Write the data out again so that it matches word for word.
*** Opening SOURCE INFORMATION ***
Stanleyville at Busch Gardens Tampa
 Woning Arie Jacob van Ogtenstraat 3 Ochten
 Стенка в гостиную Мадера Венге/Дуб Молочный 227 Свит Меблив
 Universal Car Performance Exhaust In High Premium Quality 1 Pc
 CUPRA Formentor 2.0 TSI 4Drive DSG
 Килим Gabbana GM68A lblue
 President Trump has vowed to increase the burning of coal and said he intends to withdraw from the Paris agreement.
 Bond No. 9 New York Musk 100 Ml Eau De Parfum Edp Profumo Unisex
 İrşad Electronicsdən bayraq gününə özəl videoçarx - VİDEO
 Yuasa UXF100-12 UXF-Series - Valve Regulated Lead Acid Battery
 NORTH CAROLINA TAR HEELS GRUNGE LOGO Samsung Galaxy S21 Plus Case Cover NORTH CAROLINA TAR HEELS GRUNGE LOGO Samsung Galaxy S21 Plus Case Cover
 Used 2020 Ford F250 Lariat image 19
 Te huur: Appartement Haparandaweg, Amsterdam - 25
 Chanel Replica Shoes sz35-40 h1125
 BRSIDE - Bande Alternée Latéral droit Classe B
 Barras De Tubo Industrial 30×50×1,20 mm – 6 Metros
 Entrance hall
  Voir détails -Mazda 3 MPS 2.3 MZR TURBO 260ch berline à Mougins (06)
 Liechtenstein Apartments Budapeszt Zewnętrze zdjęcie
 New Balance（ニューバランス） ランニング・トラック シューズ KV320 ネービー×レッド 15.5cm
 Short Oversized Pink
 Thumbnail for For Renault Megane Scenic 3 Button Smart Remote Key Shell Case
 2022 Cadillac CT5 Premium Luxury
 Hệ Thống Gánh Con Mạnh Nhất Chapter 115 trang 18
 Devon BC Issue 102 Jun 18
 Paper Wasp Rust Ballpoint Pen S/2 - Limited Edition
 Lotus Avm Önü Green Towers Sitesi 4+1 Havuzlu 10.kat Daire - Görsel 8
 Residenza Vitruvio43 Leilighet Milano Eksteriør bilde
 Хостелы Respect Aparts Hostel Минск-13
*** Closing SOURCE INFORMATION ***
RESULT OF THE EXERCISE:
Stanleyville at Busch Gardens Tampa
 Woning Arie Jacob van Ogtenstraat 3 Ochten
 Стенка в гостиную Мадера Венге/Дуб Молочный 227 Свит Меблив
 Universal Car Performance Exhaust In High Premium Quality 1 Pc
 CUPRA Formentor 2.0 TSI 4Drive DSG
 Килим Gabbana GM68A lblue
 President Trump has vowed to increase the burning of coal and said he intends to withdraw from the Paris agreement.
 Bond No. 9 New York Musk 100 Ml Eau De Parfum Edp Profumo Unisex
 İrşad Electronicsdən bayraq gününə özəl videoçarx - VİDEO
 Yuasa UXF100-12 UXF-Series - Valve Regulated Lead Acid Battery
 NORTH CAROLINA TAR HEELS GRUNGE LOGO Samsung Galaxy S21 Plus Case Cover NORTH CAROLINA TAR HEELS GRUNGE LOGO Samsung Galaxy S21 Plus Case Cover
 Used 2020 Ford F250 Lariat image 19
 Te huur: Appartement Haparandaweg, Amsterdam - 25
 Chanel Replica Shoes sz35-40 h1125
 BRSIDE - Bande Alternée Latéral droit Classe B
 Barras De Tubo Industrial 30×50×1,20 mm – 6 Metros
 Entrance hall
  Voir détails -Mazda 3 MPS 2.3 MZR TURBO 260ch berline à Mougins (06)
 Liechtenstein Apartments Budapeszt Zewnętrze zdjęcie
 New Balance（ニューバランス） ランニング・トラック シューズ KV320 ネービー×レッド 15.5cm
 Short Oversized Pink
 Thumbnail for For Renault Megane Scenic 3 Button Smart Remote Key Shell Case
 2022 Cadillac CT5 Premium Luxury
 Hệ Thống Gánh Con Mạnh Nhất Chapter 115 trang 18
 Devon BC Issue 102 Jun 18
 Paper Wasp Rust Ballpoint Pen S/2 - Limited Edition
 Lotus Avm Önü Green Towers Sitesi 4+1 Havuzlu 10.kat Daire - Görsel 8
 Residenza Vitruvio43 Leilighet Milano Eksteriør bilde
 Хостелы Respect Aparts Hostel Минск-13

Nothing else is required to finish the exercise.